In metallurgy, cold forming or cold working is any metalworking process in which metal is shaped below its recrystallization temperature, usually at the ambient temperature.  Such processes are contrasted with hot working techniques like hot rolling, forging, welding, etc.  The same or similar terms are used in glassmaking for the equivalents; for example cut glass is made by "cold work", cutting or grinding a formed object.

Cold forming techniques are usually classified into four major groups: squeezing, bending, drawing, and shearing.  They generally have the advantage of being simpler to carry out than hot working techniques. 

Unlike hot working, cold working causes the crystal grains and inclusions to distort following the flow of the metal; which may cause work hardening and anisotropic material properties. Work hardening makes the metal harder, stiffer, and stronger, but less plastic, and may cause cracks of the piece.

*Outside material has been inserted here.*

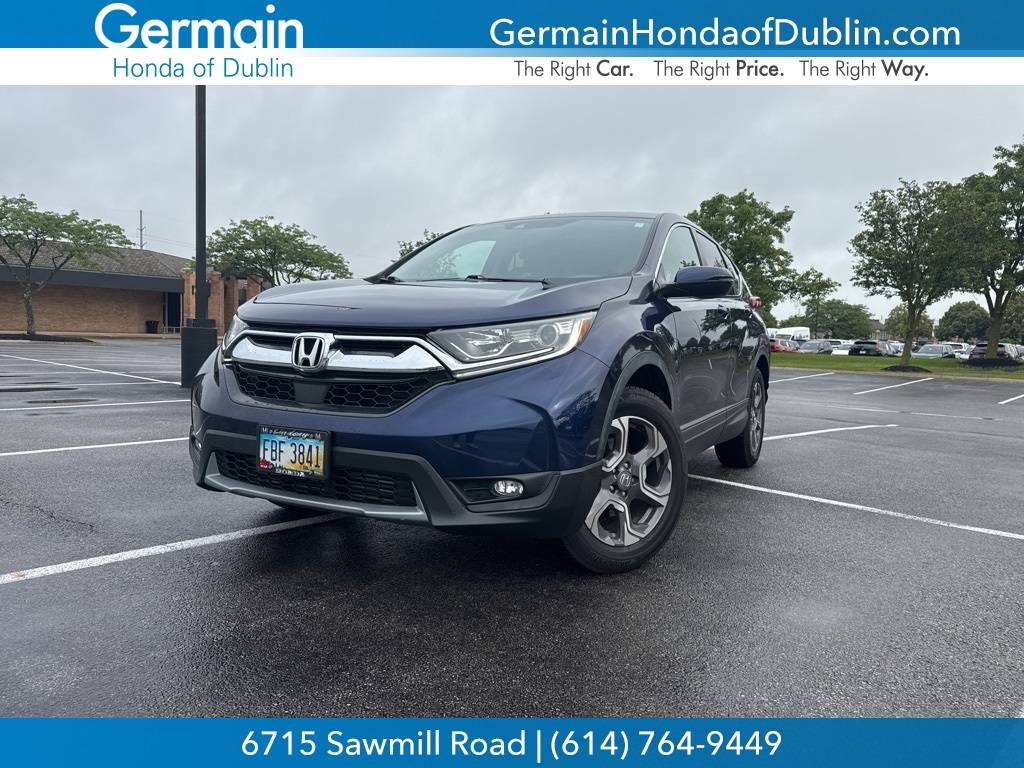 2018 Honda CR-V EX — SUV — 39,176 mi — Dublin, OH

The possible uses of cold forming are extremely varied, including large flat sheets, complex folded shapes, metal tubes, screw heads and threads, riveted joints, and much more.

Processes
The following is a list of cold forming processes:

Squeezing:
Rolling
Swaging
Extrusion
Forging
Sizing
Riveting
Staking
Coining
Peening
Burnishing
Heading
Hubbing
Thread rolling
Bending:
Angle bending
Roll bending
Draw and compression
Roll forming
Seaming
Flanging
Straightening
Shearing
Sheet metal shear-cutting
Slitting
Blanking
Piercing
Lancing
Perforating
Notching
Nibbling
Shaving
Trimming
Cutoff
Dinking
Drawing
Wire drawing
Tube drawing
Metal spinning
Embossing
Stretch forming
Sheet metal drawing
Ironing
Superplastic forming

Advantages 
Advantages of cold working over hot working include:
No heating required
Better surface finish
Superior dimensional control
Better reproducibility and interchangeability
Directional properties can be imparted into the metal
Contamination problems are minimized

Depending on the material and extent of deformation, the increase in strength due to work hardening may be comparable to that of heat treating. Therefore, it is sometimes more economical to cold work a less costly and weaker metal than to hot work a more expensive metal that can be heat treated, especially if precision or a fine surface finish is required as well. 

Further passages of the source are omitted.